═══ Data to use

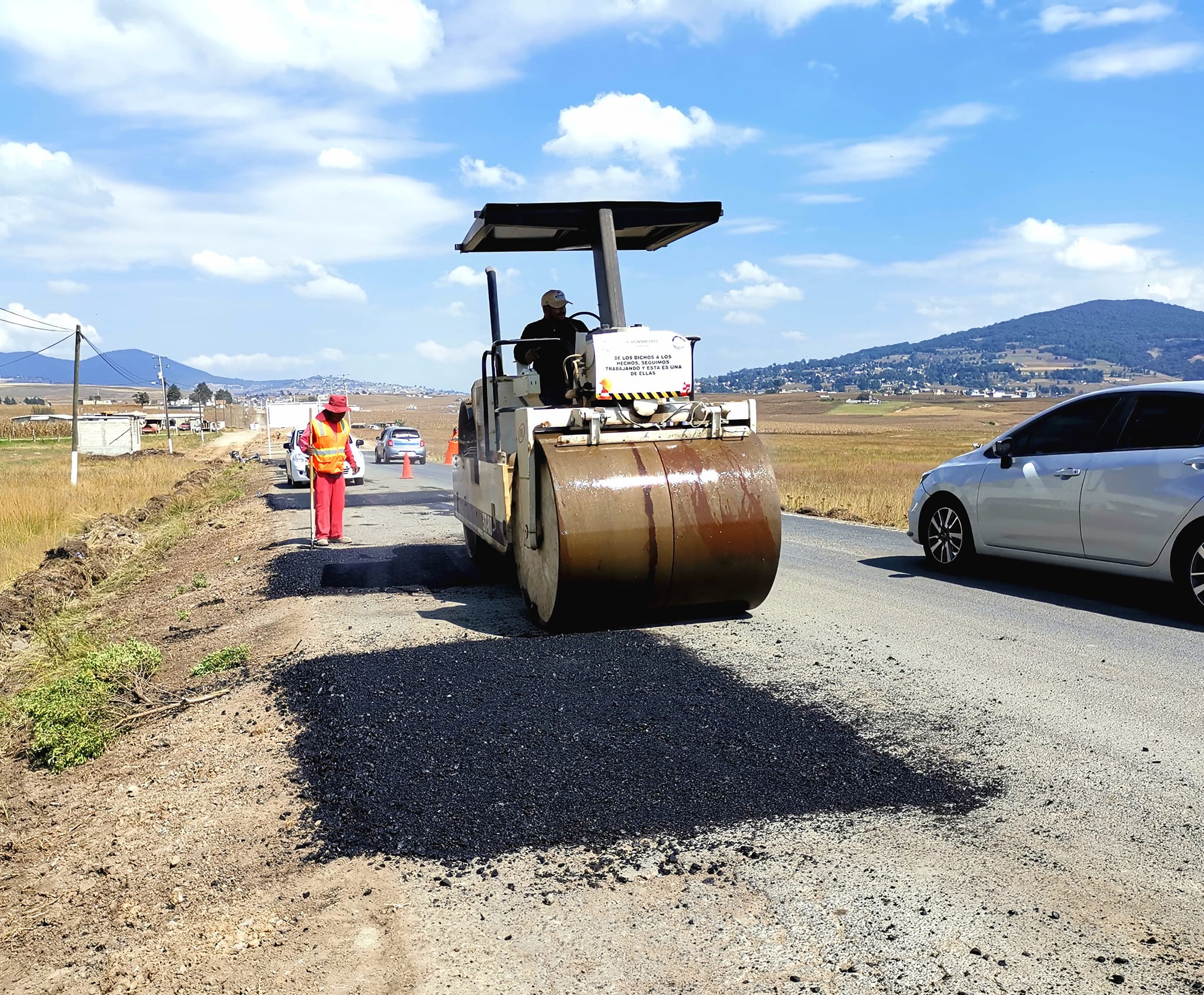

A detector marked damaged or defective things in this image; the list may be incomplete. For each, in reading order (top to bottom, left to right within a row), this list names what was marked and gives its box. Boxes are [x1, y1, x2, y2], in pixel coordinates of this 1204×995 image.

rusty roller drum [515, 433, 780, 625]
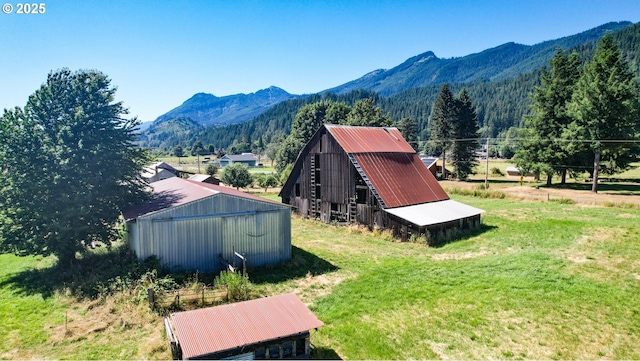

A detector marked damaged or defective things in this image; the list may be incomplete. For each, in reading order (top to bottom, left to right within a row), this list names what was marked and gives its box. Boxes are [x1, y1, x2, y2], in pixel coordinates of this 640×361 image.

red rusty roof [324, 124, 416, 153]
red rusty roof [122, 176, 284, 221]
red rusty roof [350, 153, 450, 208]
red rusty roof [169, 292, 322, 358]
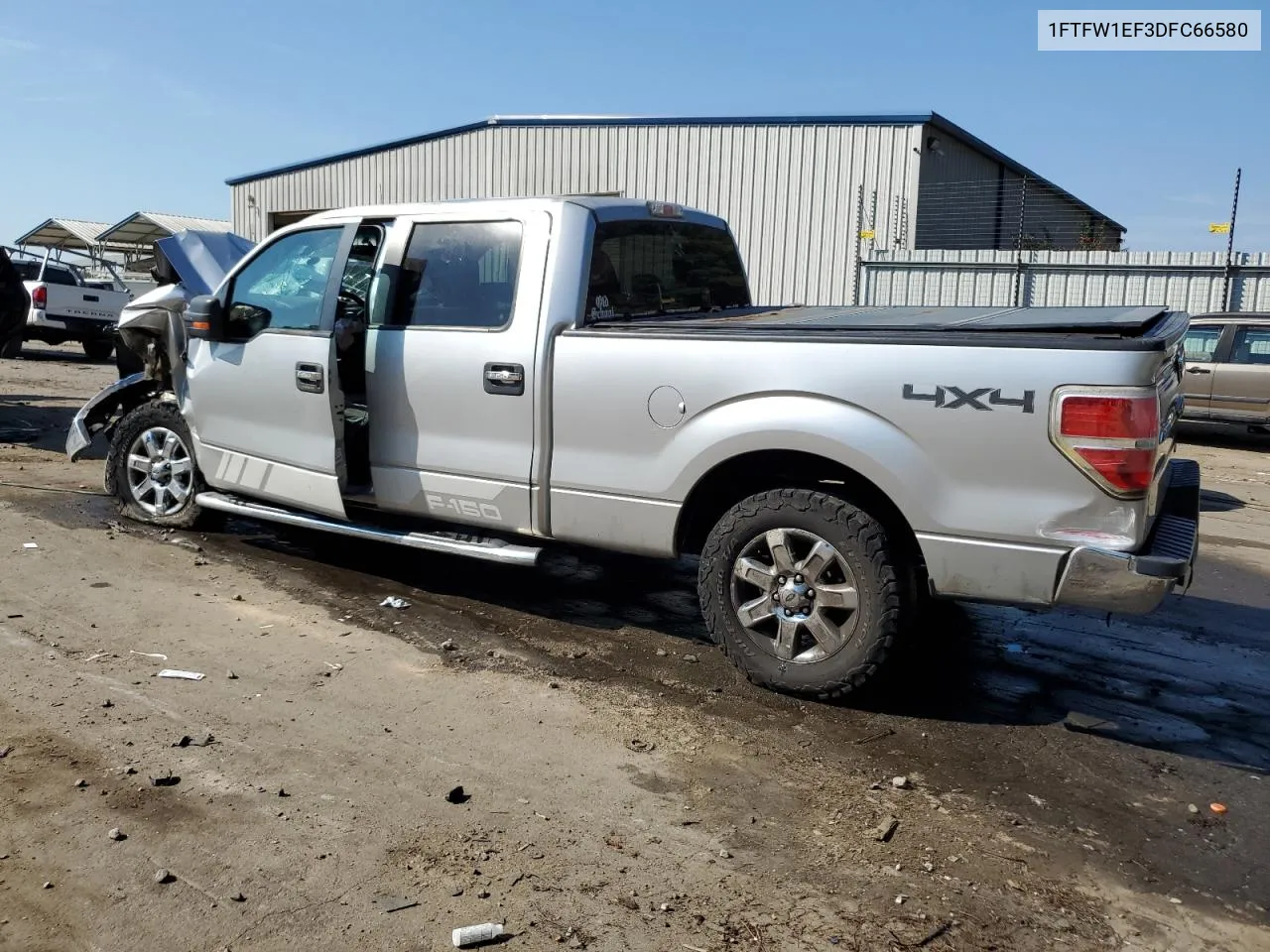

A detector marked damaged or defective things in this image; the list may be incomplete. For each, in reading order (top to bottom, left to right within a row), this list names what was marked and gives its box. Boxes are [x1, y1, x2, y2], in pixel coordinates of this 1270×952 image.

damaged hood [152, 229, 254, 297]
front fender damage [64, 373, 160, 461]
bent bumper [1051, 459, 1199, 611]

══════

Retype the records in full. Do not carry over the images.

A detector marked damaged or defective things in this image; the list may be incomplete. For each, in reading order (top to bottom, left to right within a row), this list names what was marked and gives its box. Boxes are [x1, y1, x2, y2], in pixel coordinates of this 1204×995 image.

rusty roller drum [515, 433, 780, 625]

A detector marked damaged or defective things in this image; the list may be incomplete. For each, in reading order (top to bottom, left to right within a row), this list names what was marked and gives its box. Boxes are [x1, y1, x2, y2], in pixel coordinates of this 640×361 image.

red rusty roof [324, 124, 416, 153]
red rusty roof [122, 176, 284, 221]
red rusty roof [350, 153, 450, 208]
red rusty roof [169, 292, 322, 358]

A detector marked damaged or defective things in this image; the list may be incomplete. For each, in reading order (top to bottom, left to right within a row), this list names what was marked and gives its box. Boxes are [x1, y1, x2, y2], in pixel coordinates of this 1270×952 image.

damaged hood [152, 229, 254, 297]
front fender damage [64, 373, 160, 461]
bent bumper [1051, 459, 1199, 611]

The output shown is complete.